Anadolu halk kültüründe önemli bir yer edinmiş türkülerin ve onları üretenlerin araştırılması, toplum tarafından az bilinen eserlerin de açığa çıkarılması ve yok olmaktan korunması, gelecek nesillere doğru bir şekilde aktarımının önemli bir toplumsal ödev olduğunu vurgulayan Görkem Aygün, sözlerini şöyle sürdürdü: "Yöre aşıklarının eserlerinin sözel ve müzikal olarak incelenmesinin, ezberlenen ve benimsenen ezgi kalıplarının çıkarılmasının, halk kültürünün akademik anlamda yorumlanmasına katkı sağlayacağı ve diğer bölgelerin müzikal birikimlerinin de algılanmasına yardımcı olacağını düşünüyorum. Bu bağlamda, parçadan bütüne giderek Anadolu âşık müziğinin genel karakteristik yapısının belirlenmesinde katkı sağlayabileceği için diğer bölgelerde de bu tür araştırmaların yapılmasını öneriyorum."

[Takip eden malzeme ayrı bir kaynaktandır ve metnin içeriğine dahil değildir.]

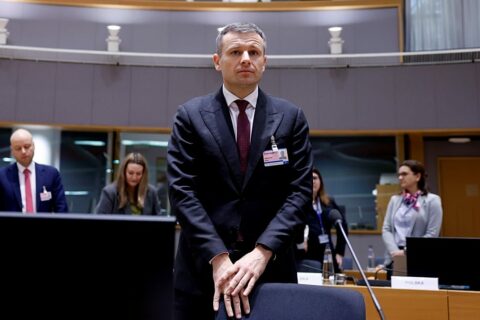 Kiev presse l’UE d’utiliser les avoirs russes pour combler son déficit de 2027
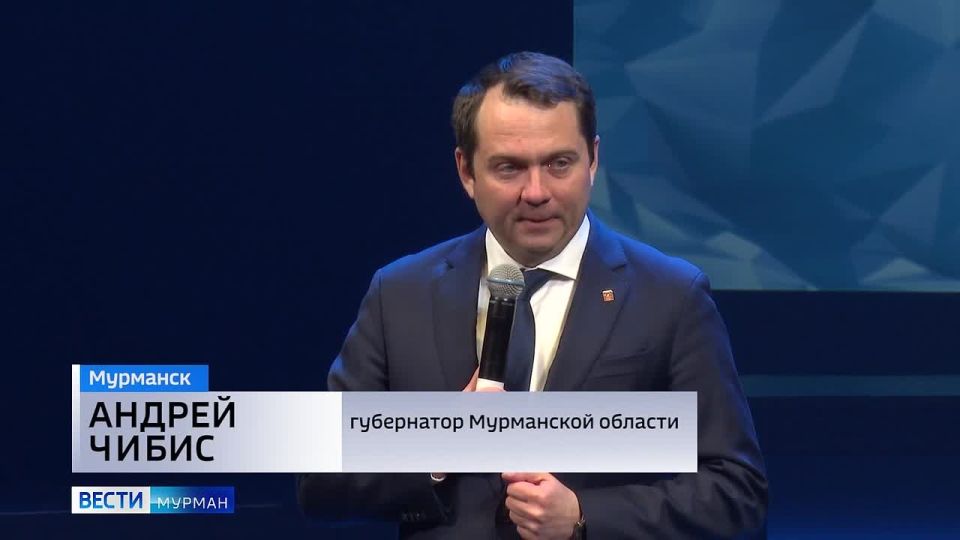 Государственные и региональные награды вручили северянам в День Мурманской области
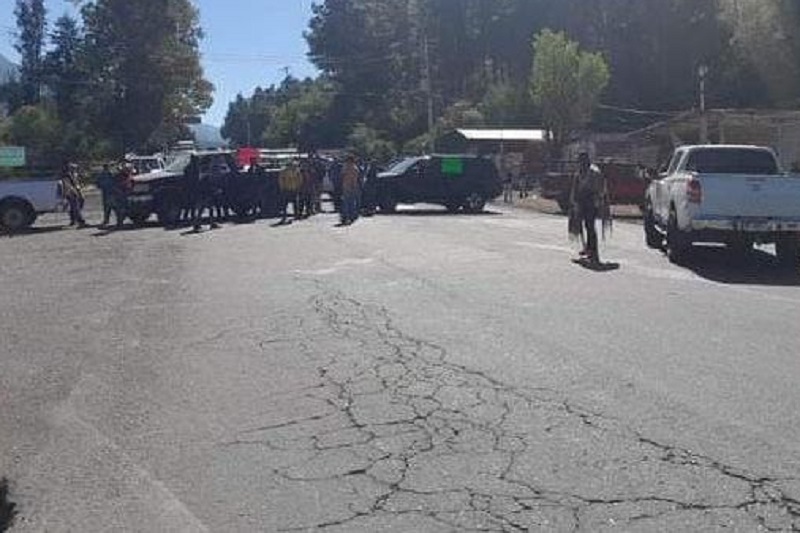 Bloqueo en carretera, Los Reyes, Michoacán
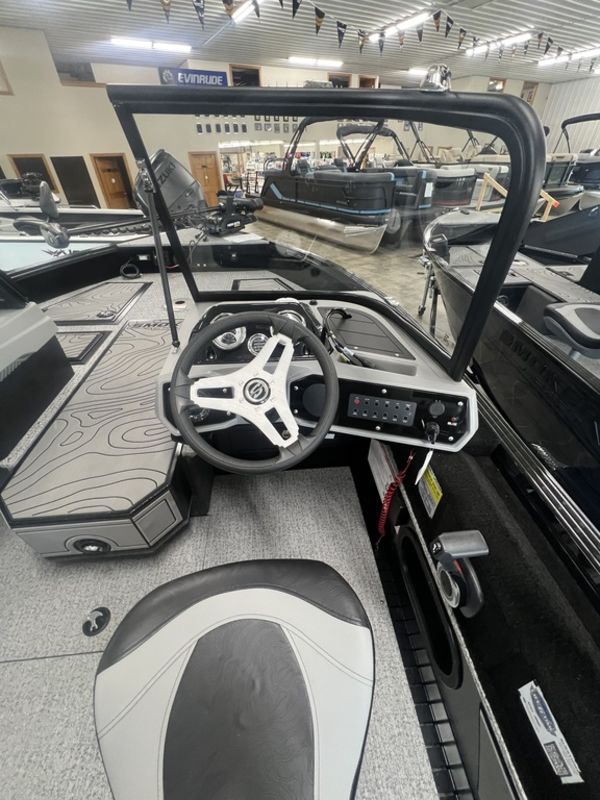 2026 Smokercraft SMOKERCRAFT ADVENTURER 188 DC PRO - Image 9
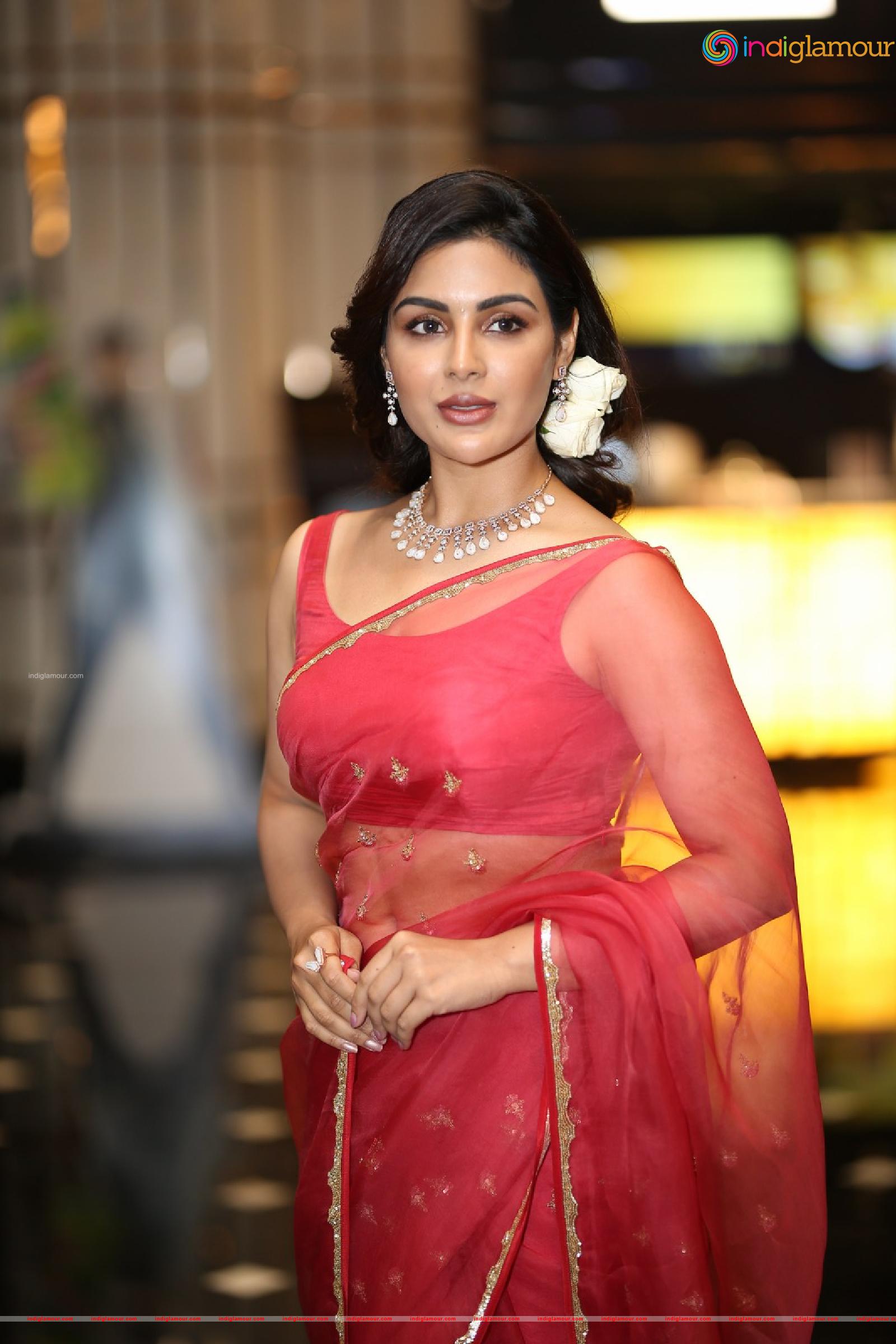 Samyuktha Menon Actress hd photo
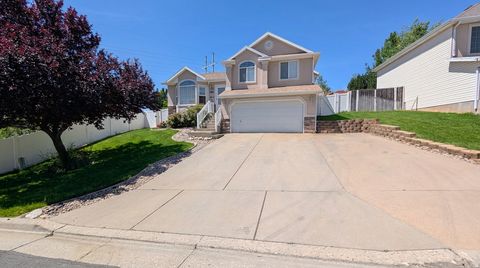 Photo of 1193 E 3225 N, Layton, UT 84040 (MLS # 2169514)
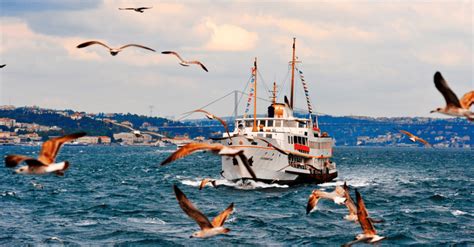 Private Bosporus Sightseeing Kreuzfahrt Mit Der Luxusyacht Getyourguide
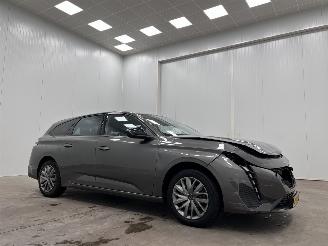 Vaurioauto  passenger cars Peugeot 308 1.2 PureTech Active Pack Navi Clima 2022/7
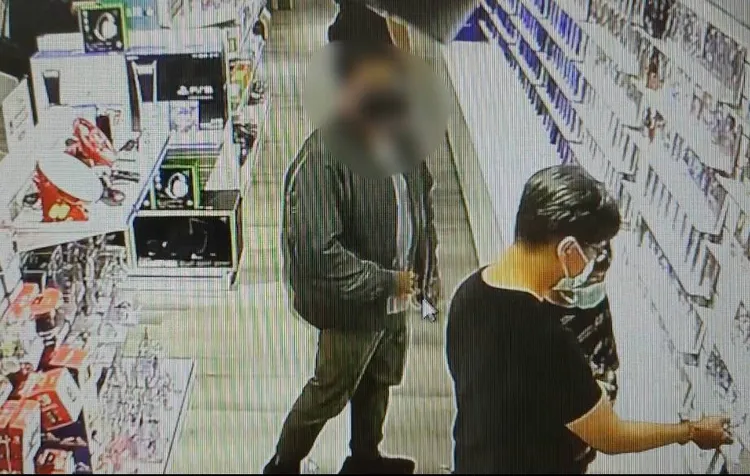 古男行竊遊戲片。民眾提供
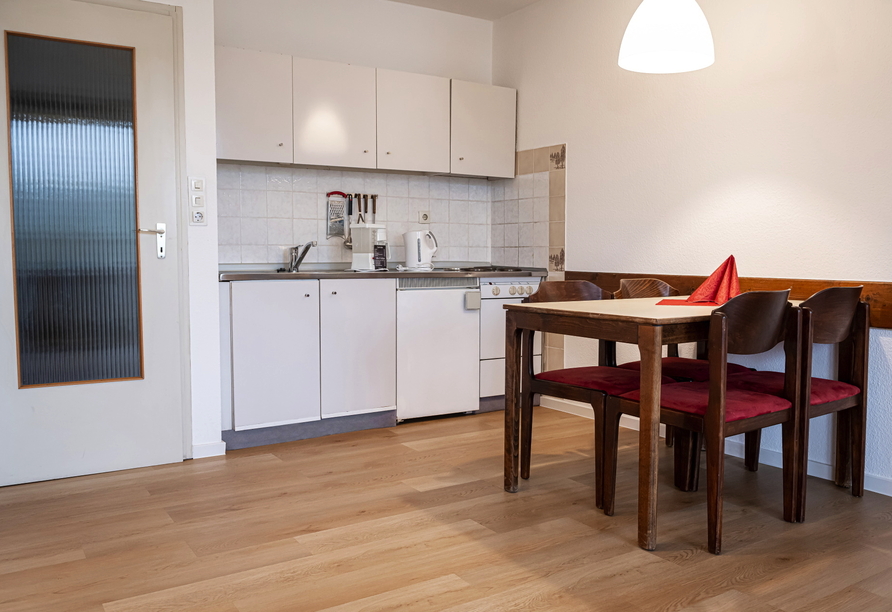 Die Economy Twin-Appartements bieten eine komplett eingerichtete Küchenzeile.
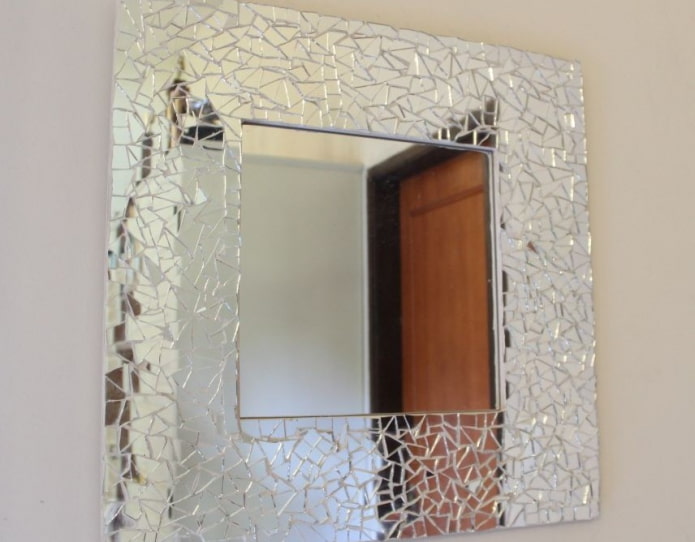 зеркало декорированное дисками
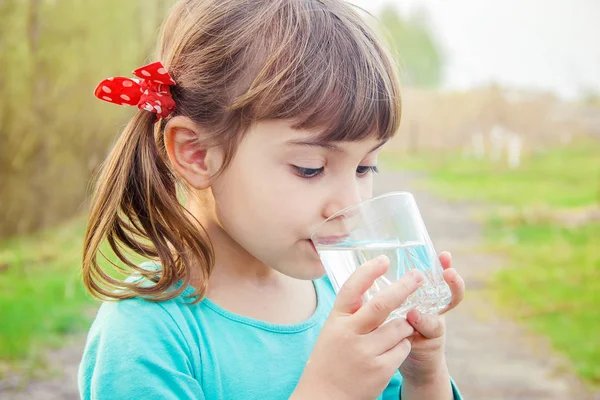 Çocuk bardak su. seçici odak. Çocuklar.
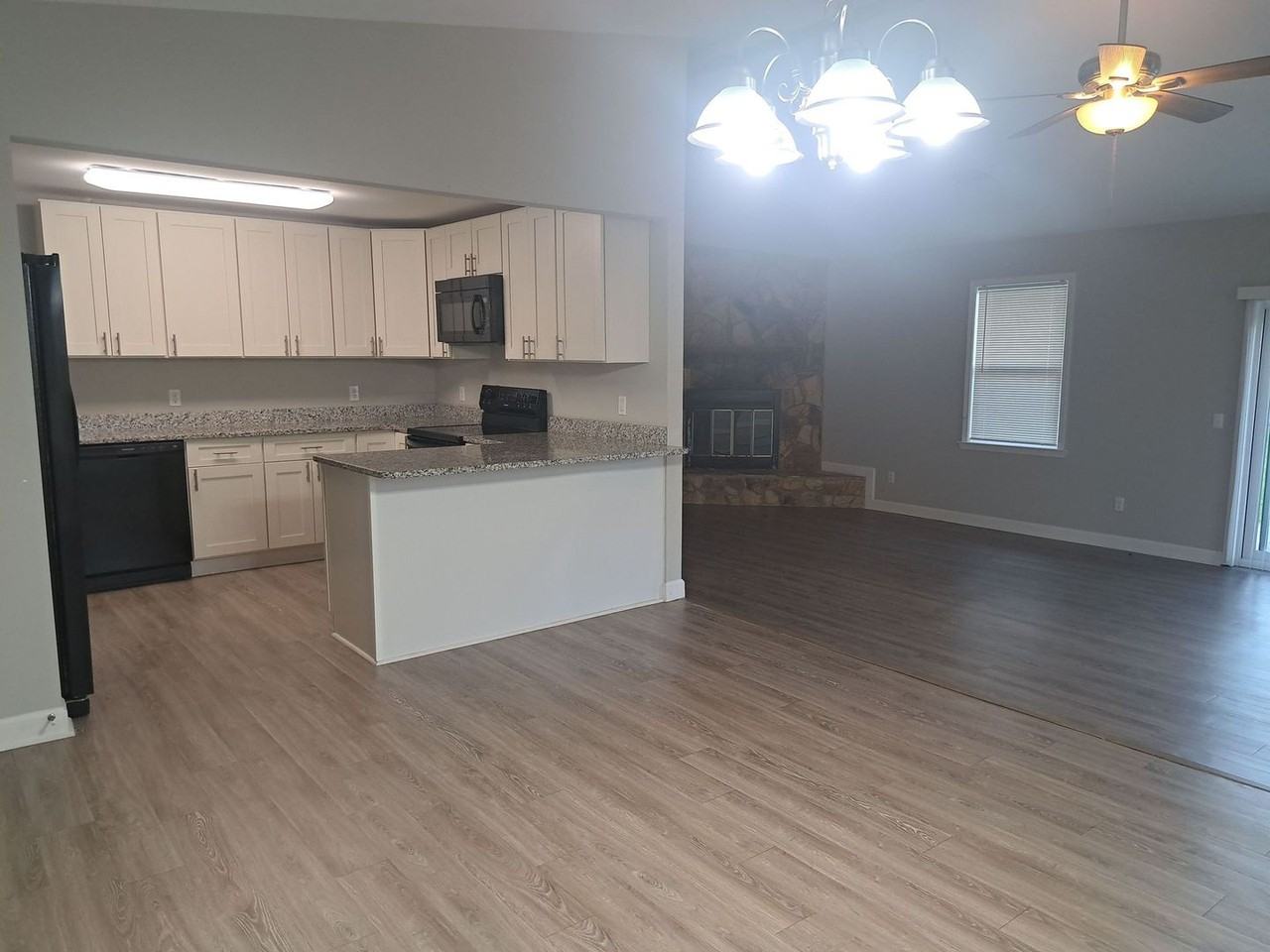 5921 Howard Rd - Photo 3 of 26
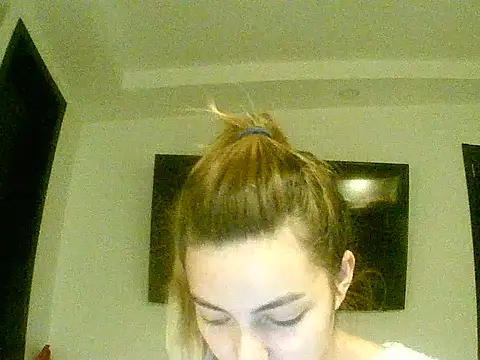 VittoriaTaylor online show from March 22, 12:58 am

MAHLASINI SOYADI OLARAK ALDI

Çalışmaya Gülsüm Kahraman ve Kevser Ezgili kadın âşıklar da konu oldu. Akademik eğitimli Kevser Ezgili, Çorum Merkez’e bağlı Karadona Köyü’nde doğdu. Müziğe ve şiire ilgisini ailesinden aldı, özellikle irticâlen taşlamalar söyleyen babasından etkilendi. Küçük yaşlarda babası ile birlikte farklı köyleri gezip Alevi-Bektaşi kültürünün yaşatıldığı cemlere katılıp saz çalıp türkü söyledi. Asıl soyadı “Dikmen” iken mahlası “Ezgili” sözcüğünü soyadı olarak da aldı. Sevgi, saygı, gurbet, muhabbet temalı şiirlerinin yanı sıra sosyal içerikli şiirler de yazdı. Sevilay Çınar (2008) hazırladığı “Yirminci Yüzyılın İkinci Yarısında Türkiye’de Kadın Âşıklar” konulu doktora tezinde Kevser Ezgili’ye ve eserlerine yer verdi.

GÖRKEM AYGÜN KİMDİR?

1987 yılında Ankara’da doğdu. Aslen Çorum Alacalı’dır. Türkü dinlenen ve söylenen bir evde büyüdü. Lise çağlarında Musa Eroğlu Müzik Merkezi’nde bağlama ve nota dersleri almaya başladı. Lisans eğitimini Orta Doğu Teknik Üniversitesi İnşaat Mühendisliği bölümünde tamamladı. ODTÜ’nün en köklü topluluklarından Türk Halk Bilimi Topluluğu (THBT) bünyesinde halk müziği, halk oyunu, tiyatro gibi pek çok alanda çalışmalara katıldı. Yurt içi ve yurt dışında halk müziği temalı konserlerde solist ve korist olarak yer aldı. Çeşitli mekânlarda sahne almasının yanı sıra televizyon ve radyo programlarında türküler seslendirdi. 2019 yılında geleneksel halk müziği ezgilerinden oluşan ilk albümü “Menekşe”yi yayımladı. Sonrasında tekli ve akustik çalışmalar yayımlamaya devam etti. Hacettepe Üniversitesi Güzel Sanatlar Enstitüsü Geleneksel Türk Müzikleri Bölümü’nde yüksek lisansını tamamladı. Hâlen bir kamu kuruluşunda teknik uzman inşaat mühendisi olarak görev yapmakta, aynı zamanda farklı halk müziği topluluklarında müzik çalışmalarını sürdürmektedir.